Thursday, November 10, 2016

my miscarriage story, part 2 -- I was emotionally raw...

Carrying on in my story, I'd like to share a little bit more about my actual miscarriage -- the process, the hurt, the physical pain, the emotional toil. Miscarriages aren't openly spoken about and they should be, as a sense of education and sisterhood, if nothing else. This is my entry into the library of miscarriage articles -- my story -- to anyone that may need to read it.

For any woman that has gone through or is going through a miscarriage, the one thing I can assure you is no matter how alone you may feel, you are not alone. We may not be beside you during your time of agony, but we are out there; we have experienced the same hurts; we are with you.


images courtesy of 1, 2

The day I went in for my first prenatal appointment, I could feel that something was different about me, even at just week five. I felt empty and normal, compared to the sense of life within me only a couple days before. Lying on the table in the observation room with the ultrasound equipment to one side, my feet in the stirrups and my doctor staring at the screen trying to keep her poker face, I already knew what she was going to say.

There was no baby.

I was both stunned and not surprised. As a sign of hope, my doctor suggested I return in a week to see if the tiny embryo was growing, which should show a sign of life. But according to my conception date -- which was more of a guess than a true date -- the embryo wasn't as big as it should be. I was confident the embryo wouldn't change, I could feel it deep within me. But I returned and when I did, my doctor started to discuss my options for the miscarriage: I could have a procedure called a dilation and curettage, often referred to as a d&c -- no thanks; or I could take a couple pills and allow the miscarriage to happen more organically. I chose the organic way. But even then my doctor said the miscarriage might happen by itself if I gave my body the time so I did. During a work trip the next weekend, I noticed some spotting and spilled out a small blood clot. Being new to the mysteries of pregnancy and miscarriages, I thought that was it. 

I was wrong. Terribly wrong. 

At the urging of my doctor, my husband and I set my miscarriage date for the following Saturday, which happened to be Labour Day 2015.

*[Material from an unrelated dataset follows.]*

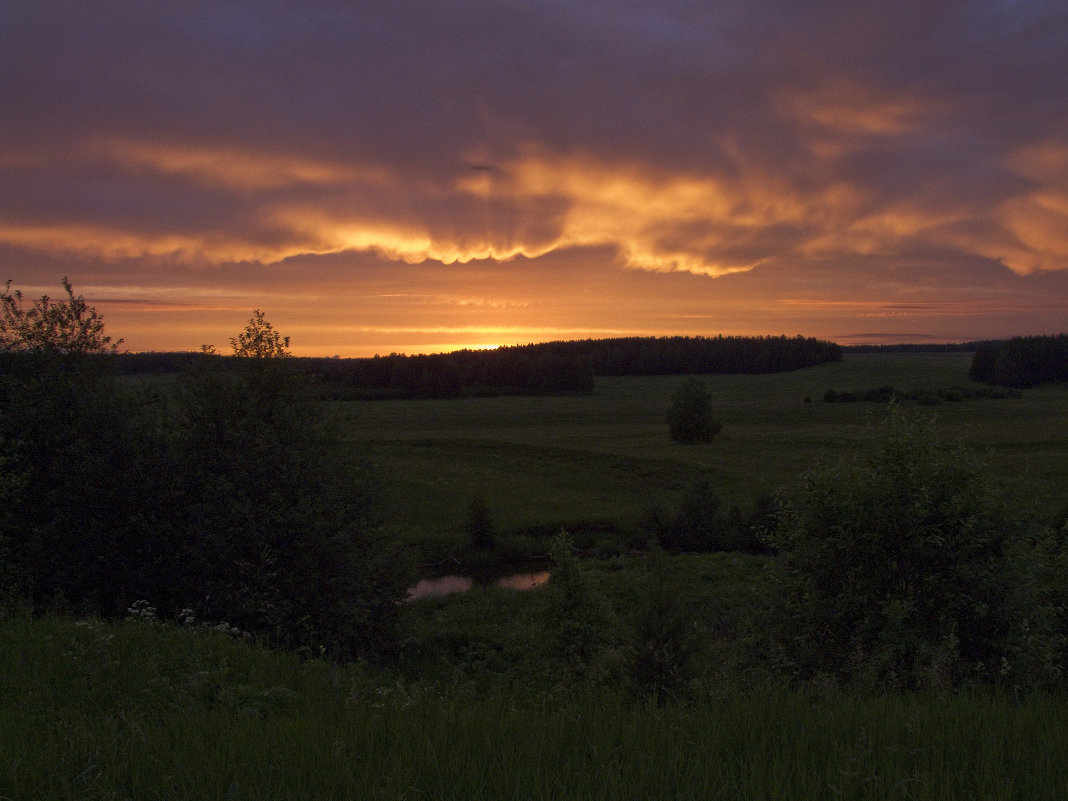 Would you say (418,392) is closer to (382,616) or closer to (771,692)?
(382,616)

That Saturday morning started like most any other Saturday -- my husband and I went for a jog along East Beach and then we had brunch, figuring I shouldn't embark on this journey with an empty stomach. Shortly after arriving home, I inserted the two pills, one in each cheek, where they were to dissolve after 30 minutes, and they did, leaving a chalky layer behind. I swallowed the chalky bits and went to the bathroom -- I could feel the cramps beginning (much like menstrual cramps) -- and noticed blood in the water. 

In spite of the cramps and bleeding, I felt fine. But then my body starting revolting the embryo remains inside me -- my cramps worsened and I started vomiting. (I kept large mixing bowls by my bed in case I couldn't make it to the bathroom in time.) Sitting on the toilet, I could feel the blood clots slipping out of my body and before flushing I'd stare into the bowl -- amazed at the depth of its red colour -- and watch the clots sink. (I know that's gross, but I had to do it, for my own education. I had to see what was coming out of my body.)

The cramps and bleeding continued through the rest of the day. I was changing maxi pads (no tampons allowed) every hour as blood clots of all sizes continued to drop among menstrual-like bleeding. Twenty-four hours later, I was still curled up in bed, uncomfortable, lonely, and emotional with no sense of comfort except from Suzy snuggled on the corner of my bed, barely within reach. Nothing my husband said or did brought any comfort. Texts from my mom and dad went unread and upset me. 

It wasn't until 16 days later that the bleeding and cramps fully subsided. But the emotional pain stayed with me for months, and still creeps in from time to time. 

I was emotionally raw for some time thereafter -- numb, almost unable to feel, and, honestly, wanting to stay miserable. No one understood what I was experiencing -- not even me. I was confused and sad and missing a part of me -- a part of me that [I thought] was a big piece of my life plan. 

Opportunities to heal and be with family were right around the corner -- our wedding anniversary and Thanksgiving. Our anniversary was a weekend getaway to Las Vegas to see Elton John (check that off the bucket list) and explore the strip (my husband had never been). We walked and walked and ate as much as we could stuff in our bodies. Most importantly, we slept. The toll of my miscarriage was evident in both of us and an actual change of scenery was just what we needed to reconnect. 

Thanksgiving --  my favourite holiday; time to spend with family and eat and eat and eat, and watch football, and live in loungewear -- was soon upon us sending us to Portland -- road trip! I reveled in the company of my nieces and nephews and found relief from my troubles by focusing on them -- reading story after story, colouring, dancing and jumping around, and snuggling during movies. My sister-in-law and my cousin's wife were all ears and hugs as they tried to console my pain while we cooked and baked. Honestly, talking about my miscarriage with someone other than my husband helped a lot (one can only burden one's spouse so much), and reminded me it wasn't my fault.

And then it was Christmas and the new year (2016) and a positive pregnancy test.